**Goal of the exercise**
Using the string "Apartamento" as the key, pull each matching line out of the records below.

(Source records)
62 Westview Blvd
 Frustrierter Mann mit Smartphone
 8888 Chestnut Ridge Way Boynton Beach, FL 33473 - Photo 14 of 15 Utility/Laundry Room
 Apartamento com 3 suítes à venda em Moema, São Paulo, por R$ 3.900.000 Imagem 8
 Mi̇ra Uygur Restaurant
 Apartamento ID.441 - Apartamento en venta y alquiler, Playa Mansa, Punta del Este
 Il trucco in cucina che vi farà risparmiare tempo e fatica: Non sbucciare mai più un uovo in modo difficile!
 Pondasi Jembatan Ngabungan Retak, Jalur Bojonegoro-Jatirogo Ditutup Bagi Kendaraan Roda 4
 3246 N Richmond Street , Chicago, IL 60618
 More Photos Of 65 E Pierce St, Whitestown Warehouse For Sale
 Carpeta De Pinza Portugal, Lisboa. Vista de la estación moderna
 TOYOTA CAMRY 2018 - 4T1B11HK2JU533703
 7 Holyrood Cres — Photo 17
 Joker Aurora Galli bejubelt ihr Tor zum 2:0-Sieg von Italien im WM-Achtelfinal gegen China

**Solution to the exercise**
 Apartamento com 3 suítes à venda em Moema, São Paulo, por R$ 3.900.000 Imagem 8
 Apartamento ID.441 - Apartamento en venta y alquiler, Playa Mansa, Punta del Este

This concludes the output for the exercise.